::: Information supplied
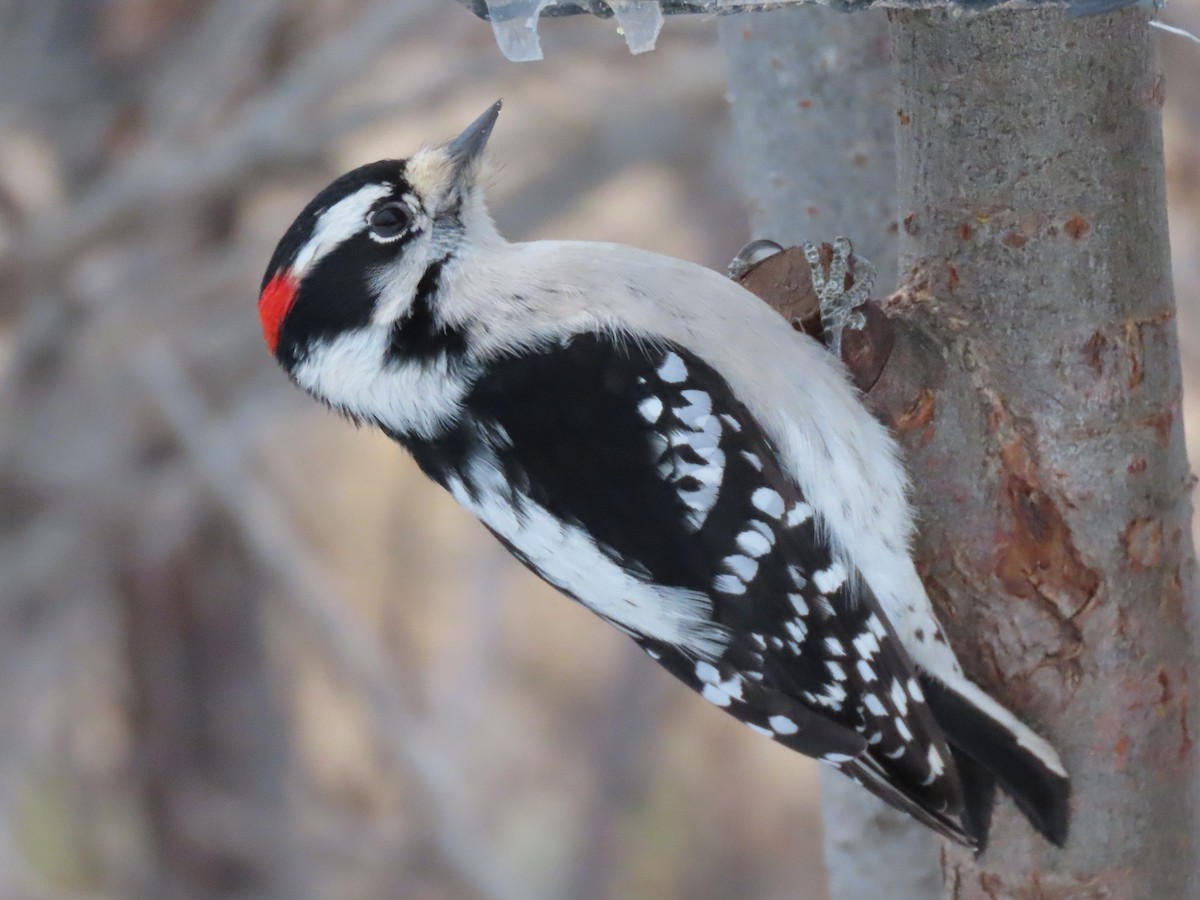 Downy Woodpecker - ML524961991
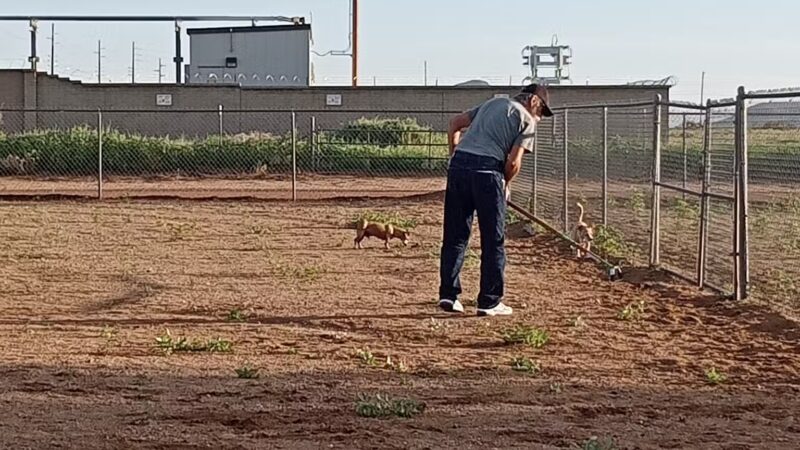 Neal Butler Park - Kingman, AZ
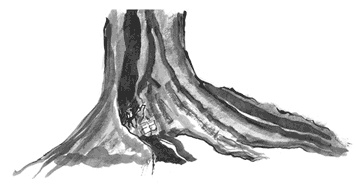 Иллюстрация к книге — Гавана. Столица парадоксов [i_022.jpg]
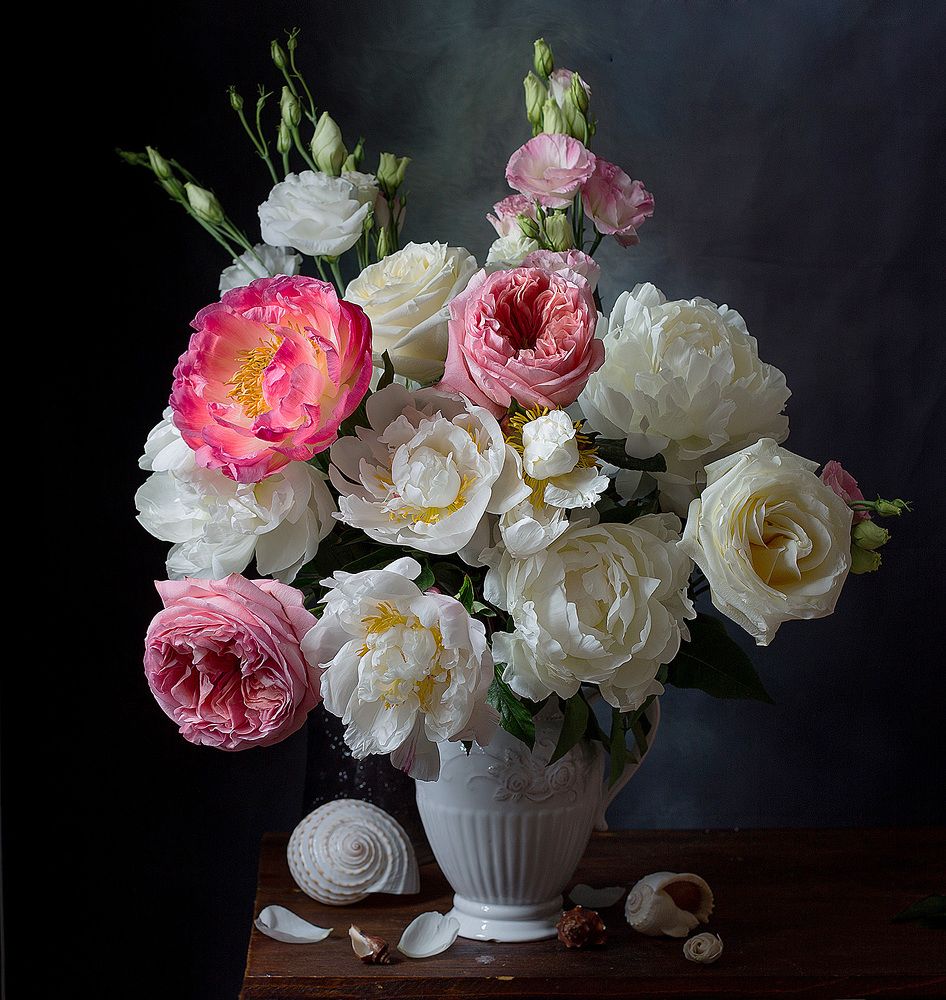 Фотография автора Алина Ланкина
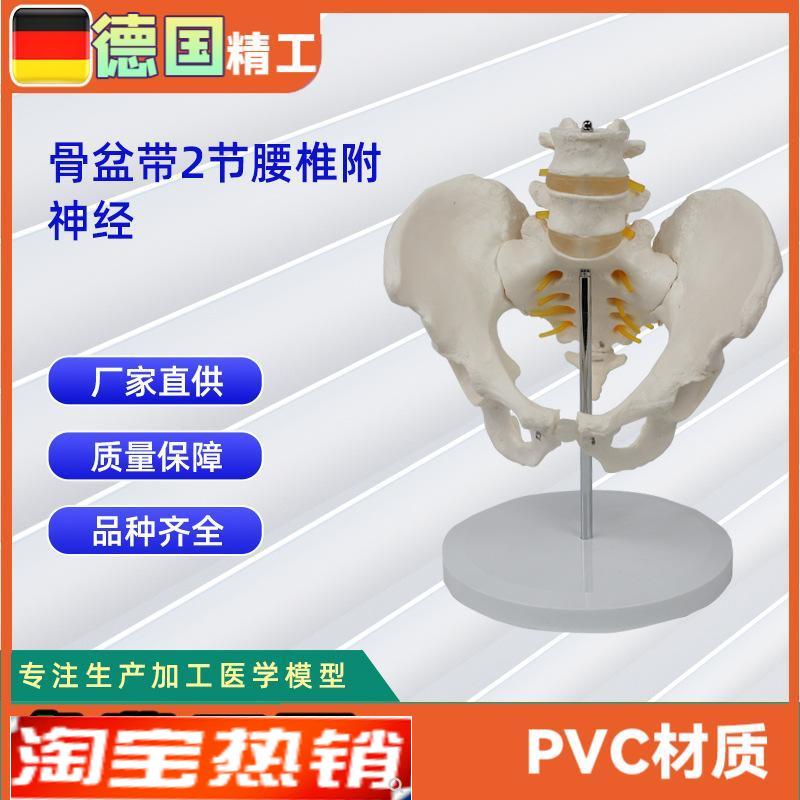 2节腰椎带e骨盆附神经仿真人体腰椎医学展示模型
::::::
**Task goal**
Write out the records above once more, word for word, with no pictures.

**Worked solution**
 Downy Woodpecker - ML524961991
 Neal Butler Park - Kingman, AZ
 Иллюстрация к книге — Гавана. Столица парадоксов [i_022.jpg]
 Фотография автора Алина Ланкина
 2节腰椎带e骨盆附神经仿真人体腰椎医学展示模型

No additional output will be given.